When it comes time to pick a Digital Audio Workstation to be the heart of your studio, you need to consider your personal needs, preferences and working styles to make an informed decision. Ultimately, many DAWs share a lot of common features: almost all can record, edit and mix audio; they all can import and convert multiple common audio formats; almost all can import video for scoring purposes; and almost all can seamlessly time stretch audio.
The difference, then, is primarily work-flow and layout...and you. Seriously, before you invest a few hundred dollars into a DAW, you should consider a few things.
What type(s) of music do you want to make? Though the DAWs all have roughly the same functionality, some DAWs tend to be more accepted in different genres. Image-line’s FL Studio software is often used by producers who make various forms of electronic music – the hip-hop, trance, and dub step communities have taken to it wholeheartedly. Ableton Live began life as a DJing software, and so not surprisingly is big among house, hip-hop and trance DJs. Alternatively, a software like Avid's Pro Tools is pretty heavily used by vocalist in every genre, and is also heavily used by the film and gaming industries. Know what lane you're aiming for, and then choose from there.

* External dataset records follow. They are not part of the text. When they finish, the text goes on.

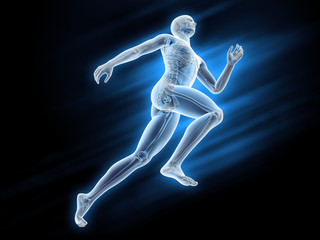 Fototapeta na wymiar Anatomia Sport - biegacz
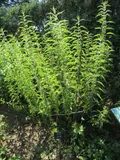 Stinging nettle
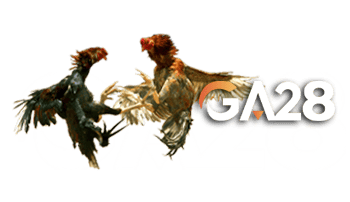 GA28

Will you be recording live instruments, or will all your sounds be “in the box”? Again, most DAWs overlap features. But some are better suited for the process of recording live instruments. If you have a guitar/bass/drums trio, a DAW like Nuendo or Sonar will make your recording process slightly less convoluted than a DAW like FL Studio. If you are content using sounds in the box (and the sound quality of virtual instruments are fantastic, these days) then your options expand a bit.
Are you a Mac or a PC user? As time goes on, this consideration will become less and less important. At the moment, however, there are still a few major DAWs that aren't dual platform, as of yet. Users of Logic are pretty much locked into using Apple hardware. Users of FL Studio and Sonar are tied to PC hardware, for the moment. If you have a OS preference, it helps to be aware of what apps are exclusive to your OS choice.
What is your work-flow like? Do you work in a linearly fashion? Or are you more of an artists who jams until inspiration finds you? Or are you a combination of both? An application like Propellerhead's Reason and it's Blocks feature allows users to group and move large chunks of audio as they see fit. This functionality makes the composition process a lot easier. Alternatively, a DAW like Cubase or Studio One features a default left-to-right visual orientation that may make it easier for the more linear composer to lay down idea.
Ultimately, the choice of DAW is a personal one. So many features are available in most DAWs that any type of music can be made in any of them. In addition to the information presented here, there are more in-depth differences between the DAWs. Furthermore, most manufacturers of the individual DAWs offer functional demos available for download. If you're having difficulty making a choice, don't hesitate to play around with a demo or three. Just remember: the software is just a tool, and the real artist is YOU.